▸ **Task objective**: With the exception of the pictures, transcribe the entire listing exactly.

▸ **Exercise data**:
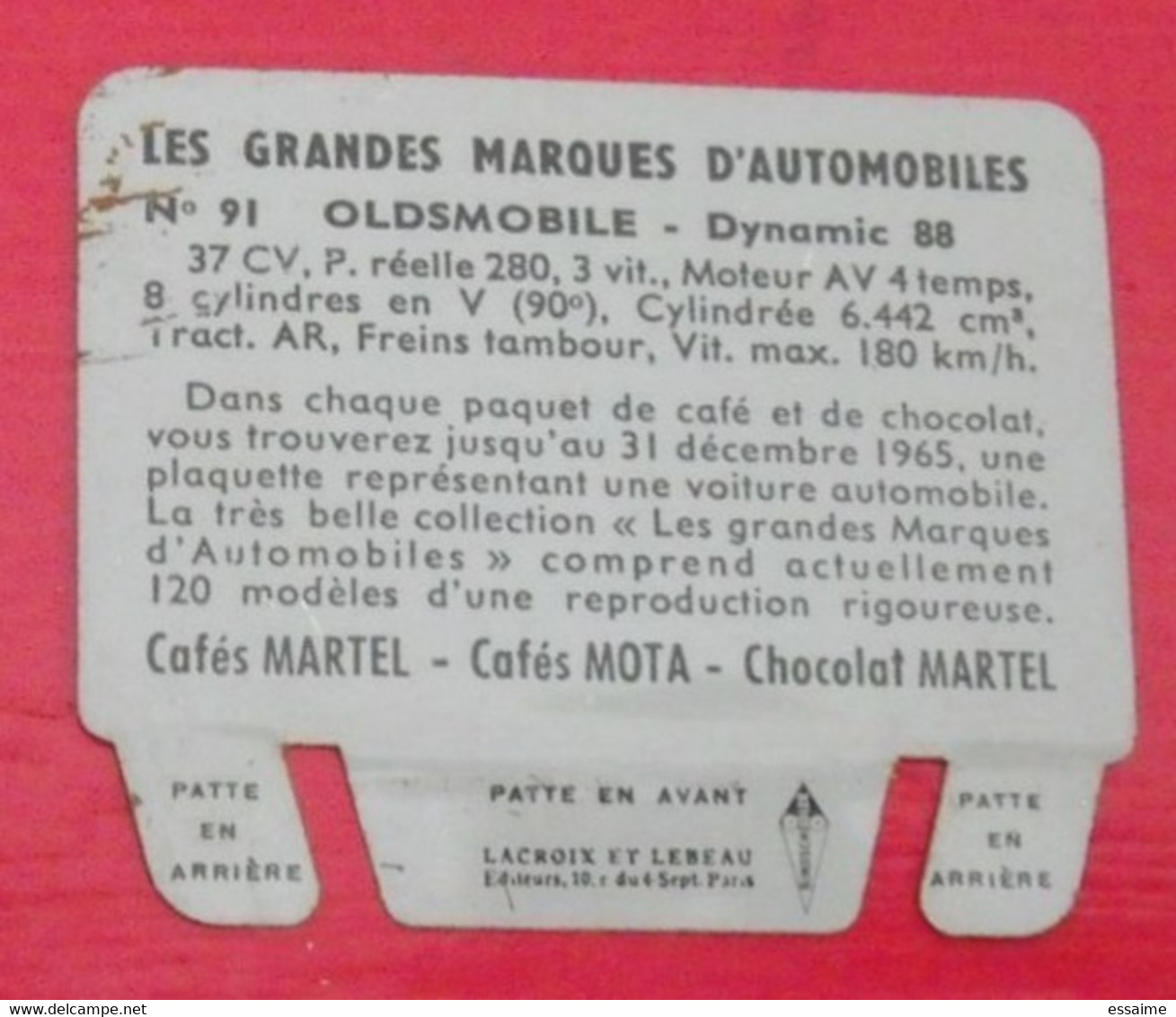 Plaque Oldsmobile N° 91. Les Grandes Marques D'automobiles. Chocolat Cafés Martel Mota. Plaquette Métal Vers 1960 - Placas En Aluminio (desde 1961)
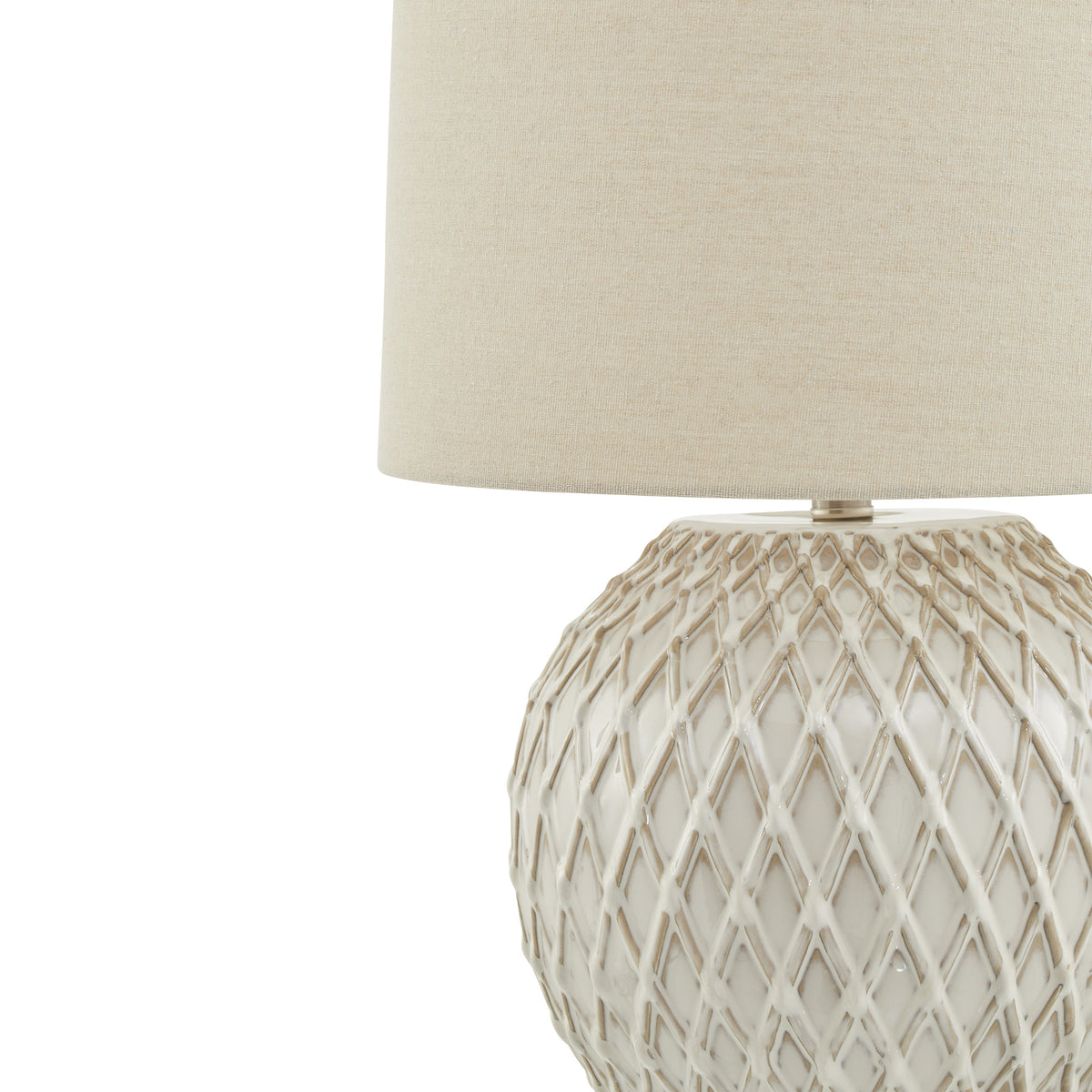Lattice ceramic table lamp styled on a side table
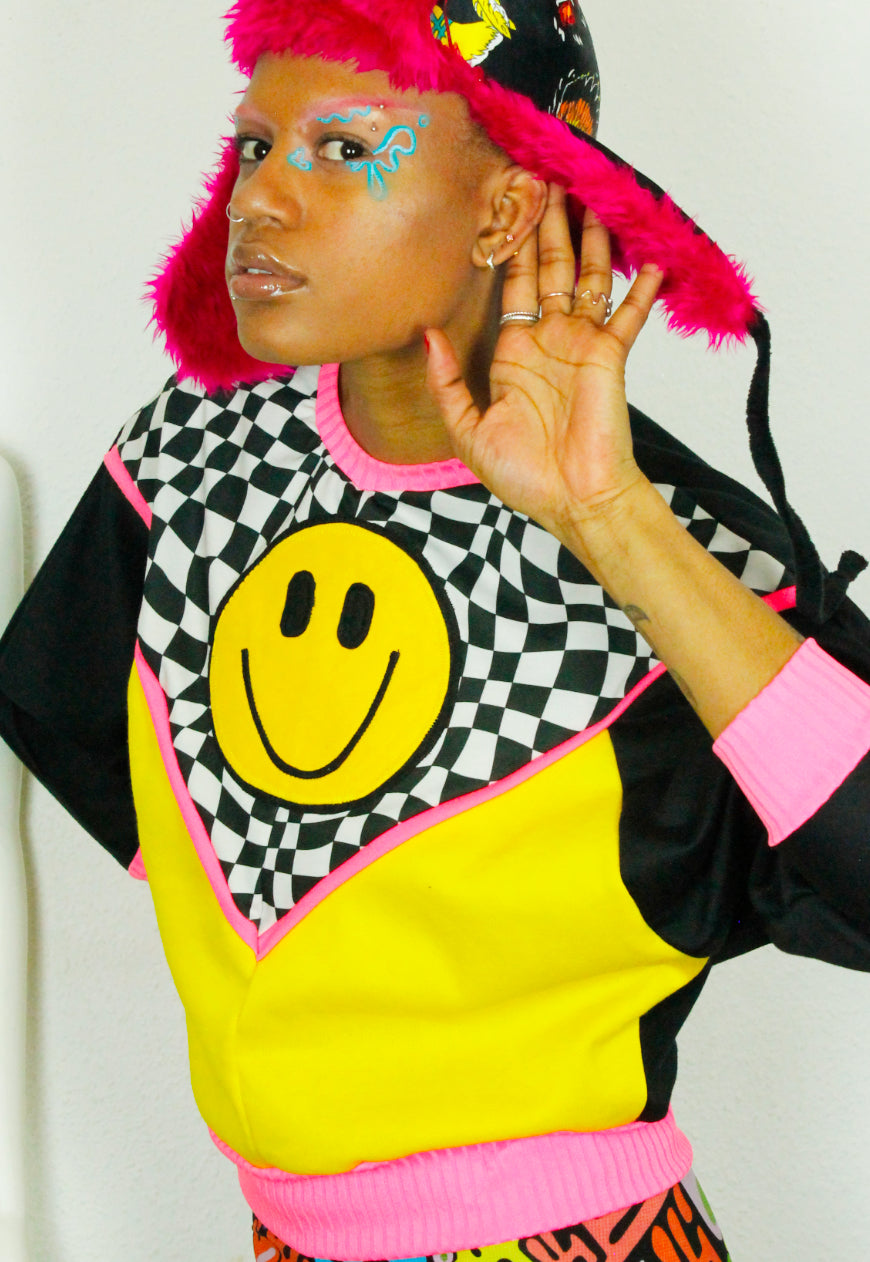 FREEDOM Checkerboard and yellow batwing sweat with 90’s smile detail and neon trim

▸ **Response area**:
 Plaque Oldsmobile N° 91. Les Grandes Marques D'automobiles. Chocolat Cafés Martel Mota. Plaquette Métal Vers 1960 - Placas En Aluminio (desde 1961)
Lattice ceramic table lamp styled on a side table
 FREEDOM Checkerboard and yellow batwing sweat with 90’s smile detail and neon trim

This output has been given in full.